This guide walks through how to deploy microservices with Zero Trust using SPIFFE identities, service mesh mTLS, and short-lived certificates. You’ll learn how to deploy a secure microservices application, configure default-deny authorization policies, and rebuild service connectivity with explicit SPIFFE-based allow rules.

The "who are you?" microservice problem

Imagine you're running a microservices architecture with dozens of services. You have a checkout service talking to a payment gateway, and an inventory service querying a database.

In this chaotic web of traffic, how do you ensure that the catalogue service is actually talking to the real database service, and not an imposter? How do you prevent a compromised frontend container from pivoting to access sensitive backend data it has no business seeing?
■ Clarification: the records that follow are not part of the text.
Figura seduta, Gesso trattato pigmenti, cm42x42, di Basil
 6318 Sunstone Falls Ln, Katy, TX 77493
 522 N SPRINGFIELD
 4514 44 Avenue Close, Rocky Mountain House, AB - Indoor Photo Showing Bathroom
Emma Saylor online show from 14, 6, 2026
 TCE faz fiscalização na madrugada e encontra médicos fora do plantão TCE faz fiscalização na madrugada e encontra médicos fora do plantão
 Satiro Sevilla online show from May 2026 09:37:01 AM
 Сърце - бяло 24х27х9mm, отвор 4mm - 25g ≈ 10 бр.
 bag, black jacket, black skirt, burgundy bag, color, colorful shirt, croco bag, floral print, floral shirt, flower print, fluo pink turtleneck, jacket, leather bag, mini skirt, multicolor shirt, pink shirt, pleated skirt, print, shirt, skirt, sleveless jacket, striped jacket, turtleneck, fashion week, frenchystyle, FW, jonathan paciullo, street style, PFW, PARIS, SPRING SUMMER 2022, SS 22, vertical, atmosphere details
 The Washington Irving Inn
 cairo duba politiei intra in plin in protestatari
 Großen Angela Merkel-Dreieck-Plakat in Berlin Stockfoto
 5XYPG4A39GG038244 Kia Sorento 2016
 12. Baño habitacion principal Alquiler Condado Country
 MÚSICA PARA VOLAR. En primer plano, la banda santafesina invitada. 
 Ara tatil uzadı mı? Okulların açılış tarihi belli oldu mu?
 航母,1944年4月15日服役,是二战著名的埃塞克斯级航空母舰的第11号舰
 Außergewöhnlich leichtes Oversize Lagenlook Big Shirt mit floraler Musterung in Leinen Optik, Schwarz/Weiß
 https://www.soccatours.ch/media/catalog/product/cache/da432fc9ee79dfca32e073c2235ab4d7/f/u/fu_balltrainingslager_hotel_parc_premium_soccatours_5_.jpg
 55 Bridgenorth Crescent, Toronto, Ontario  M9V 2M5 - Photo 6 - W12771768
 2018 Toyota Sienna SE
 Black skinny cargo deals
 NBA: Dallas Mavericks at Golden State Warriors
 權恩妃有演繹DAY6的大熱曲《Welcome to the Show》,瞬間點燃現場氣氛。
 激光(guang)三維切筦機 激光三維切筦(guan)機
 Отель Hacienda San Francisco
Traditional networks relied on rigid perimeters such as firewalls, IP allow lists, and network segmentation. Today’s world of cloud-native workloads and platforms like Kubernetes is different. Workloads are ephemeral, IPs change with every deployment, and services scale automatically; the concept of a “trusted IP address” no longer exists.

Why secrets management isn't enough

To secure these dynamic environments, many teams turn to long-lived certificates stored in Kubernetes Secrets. While better than nothing, this approach introduces significant management challenges and security risks across diverse environments, including legacy systems and multi-cloud setups.

These challenges and risks include:

Secrets sprawl: Long-lived certificates — usually secrets stored in a vault — inevitably leak, are hardcoded into repositories, or are shared insecurely.
Rotation complexity: Rotating certificates across hundreds of services without causing downtime is a logistical challenge.
Identity crisis: A static key proves access, but it does not prove identity. The keys themselves do not indicate which software is running or where it’s running.

The better way to secure microservices

Solving these challenges requires shifting from implicit trust (based on network location) to explicit trust (based on cryptographic identity). It requires Zero Trust.

In this guide, we will build a practical, secure identity framework using three powerful tools — SPIFFE, Istio, and Teleport — so you can confidently implement Zero Trust in your microservices.

By the end of this guide, you will walk away understanding:

The Concepts: What SPIFFE and SVIDs are and why they matter.
The Architecture: How to issue SPIFFE credentials to Kubernetes workloads.
The Practice: How these concepts work in action with a walkthrough of deploying the "Sock Shop" demo application.

Before we deploy the solution, we need to understand the standard that powers it.

Understanding how SPIFFE works

SPIFFE (Secure Production Identity Framework For Everyone) is an open standard (CNCF project) that provides a reliable way to identify software and establish trust between microservices with greater confidence.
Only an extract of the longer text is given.